Information provided
----
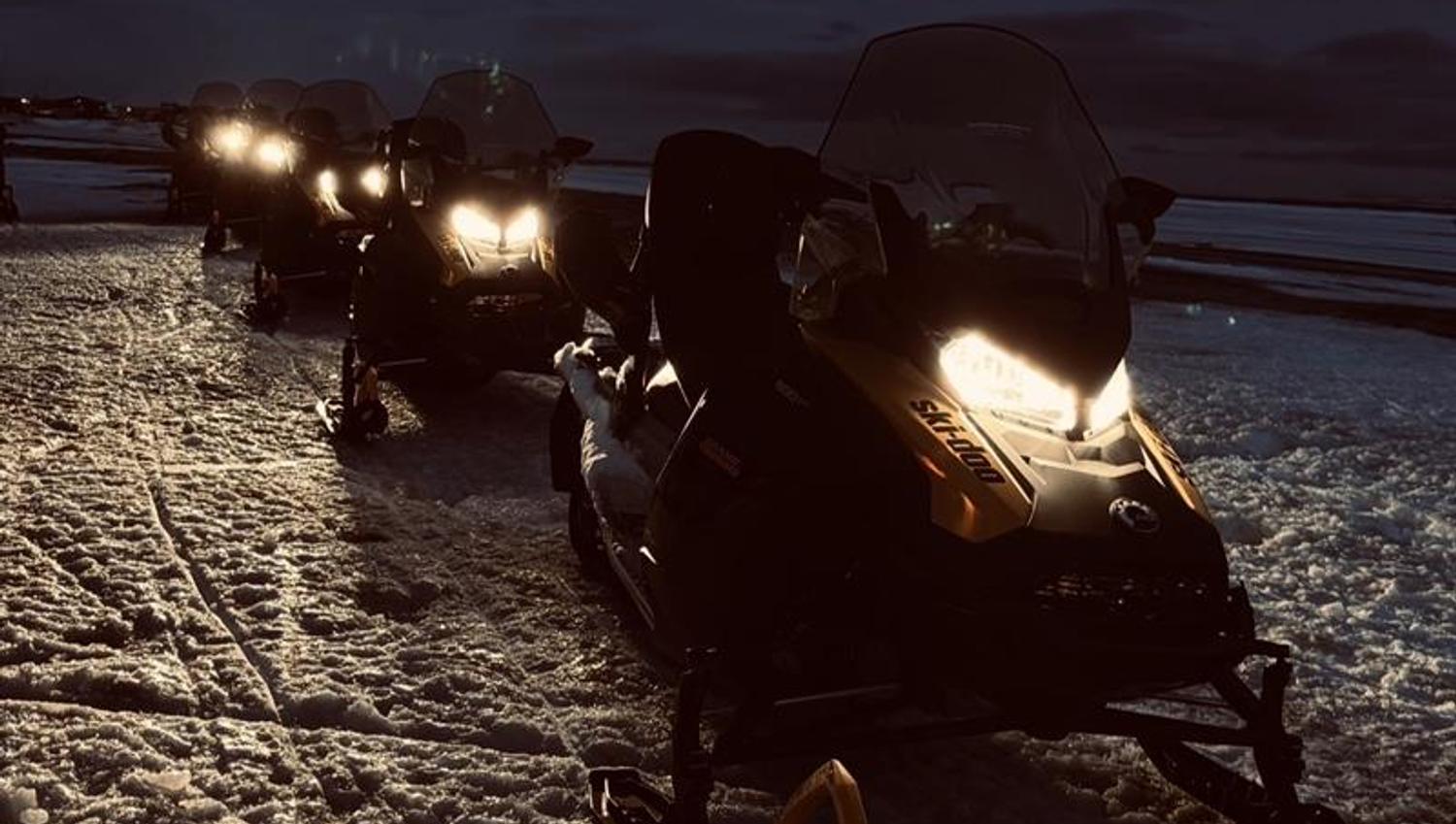 Snøscootere i mørket står parkert etterhverandre på linje.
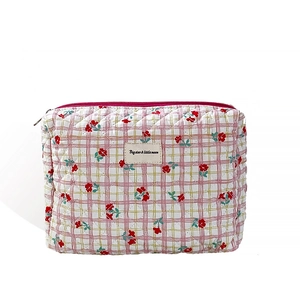 Quilted floral makeup bag with pink zipper and chic star and moon fabric label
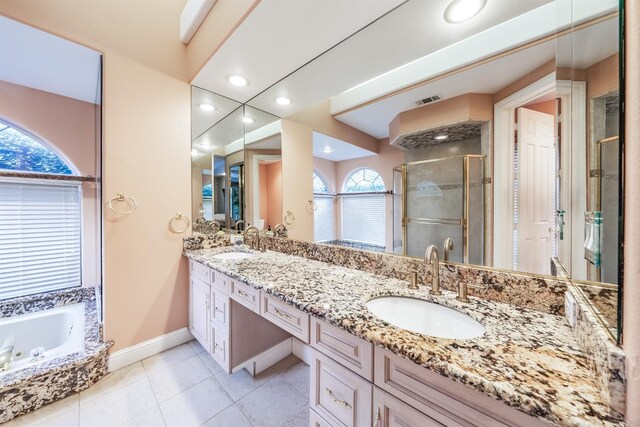 bathroom featuring separate shower and tub, vanity, tile patterned floors, and plenty of natural light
----
What needs to be done
Your answer must be an exact copy of the data above, minus its pictures.

Task answer
 Snøscootere i mørket står parkert etterhverandre på linje.
 Quilted floral makeup bag with pink zipper and chic star and moon fabric label
 bathroom featuring separate shower and tub, vanity, tile patterned floors, and plenty of natural light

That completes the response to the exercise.